Salah satu potensi keuntungan yang menjadi sorotan adalah peluang Indonesia untuk membeli minyak dari Rusia dengan harga yang lebih kompetitif. Menurur Ketua Dewan Ekonomi Nasional (DEN), Luhut Binsar Pandjaitan langkah ini dapat menjadi opsi strategis bagi Indonesia, selama memberikan manfaat besar bagi kepentingan nasional.
“Kemana aja kalau kita menguntung Republik dan sepanjang itu tadi menguntungkan Republik dan itu bisa kita bicarakan kepada nenerapa negara-negara yang lain kenapa tidak. Kalau kita dpaat lebih murah 20 dollar 22 dollar kenapa tidak?” ujar Luhut.
Pernyataan ini menegaskan Indonesia akan mempertimbangkan peluang yang ada dengan cermat, tanpa mengabaikan aspek strategis dan diplomatiknya.

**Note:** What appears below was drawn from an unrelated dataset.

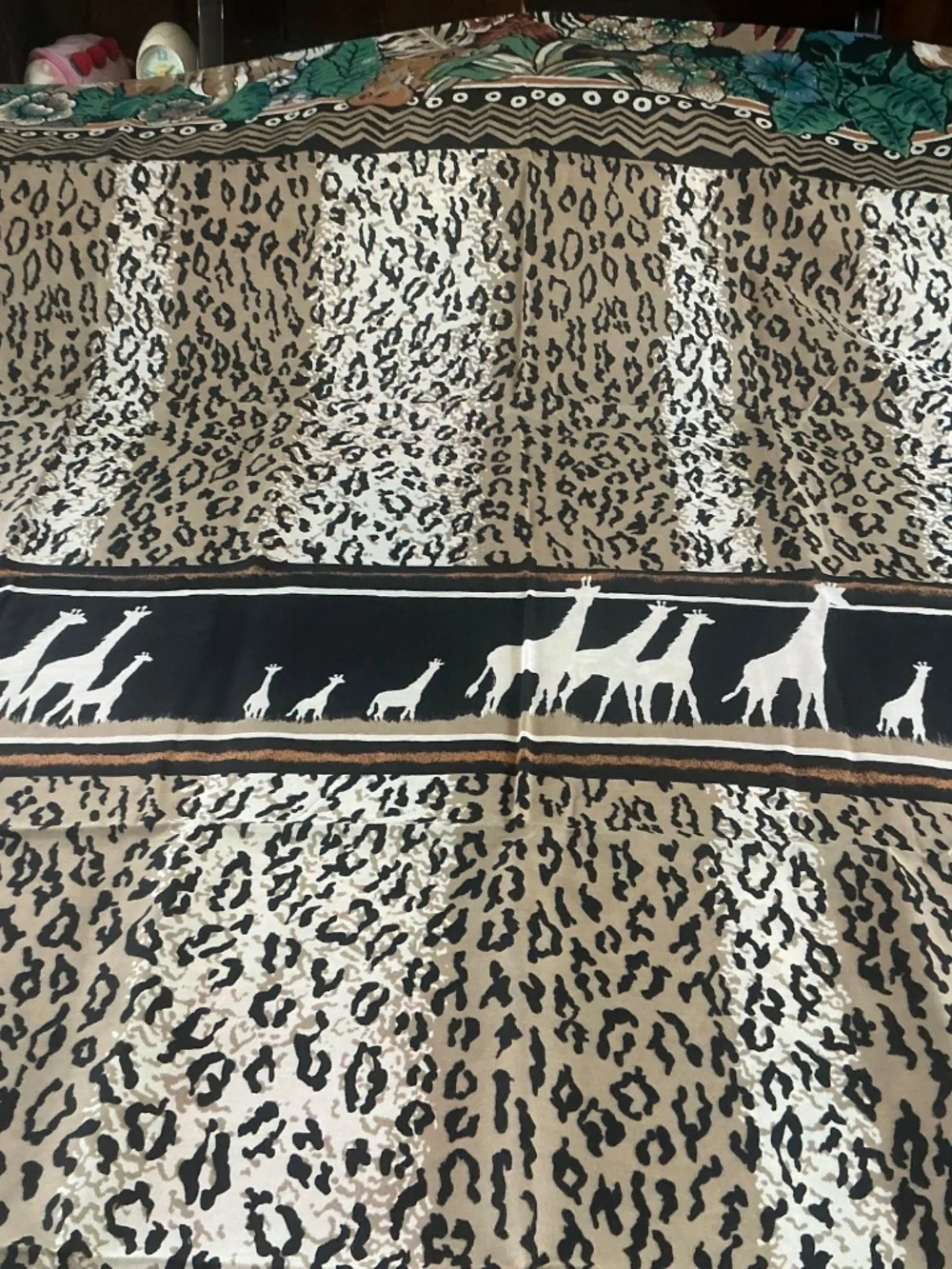 NWOT UNbranded Leopard Jungle Print Queen fitted sheet fabric remnant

“Namun tentu saja, kita harus hati-hati dan melihat ini dengan baik,” tegasnya.
Sebagaimana diketahui, Direktur Eksekutif Center of Economic and Law Studies (CELIOS), Bhima Yudhistira menyatakan kepesertaan Indonesia di BRICS bisa dinilai sebagai upaya memperkuat hubungan tidak hanya dengan China tapi dengan Brasil dan Afrika Selatan maupun negara timur tengah.
Bhima menuturkan sebaiknya pemerintah tidak hanya melihat BRICS dengan agenda China saja, tetapi ada potensi besar dengan negara Brasil terkait ekonomi restoratif, hingga Afrika Selatan soal pengembangan transisi energi bersih.
Dia pun menilai apabila pemerintah Indonesia terlalu pro-China maka keanggotaan Indonesia di BRICS akan sia-sia mereplikasi hubungan ekonomi dengan China yang sudah terlalu dominan.
“Keanggotaan Indonesia di BRICS sebenarnya sia-sia mereplikasi hubungan ekonomi dengan China yang sudah terlalu dominan,” kata Bhima dalam keterangan tertulisnya yang diterima, Rabu (8/1).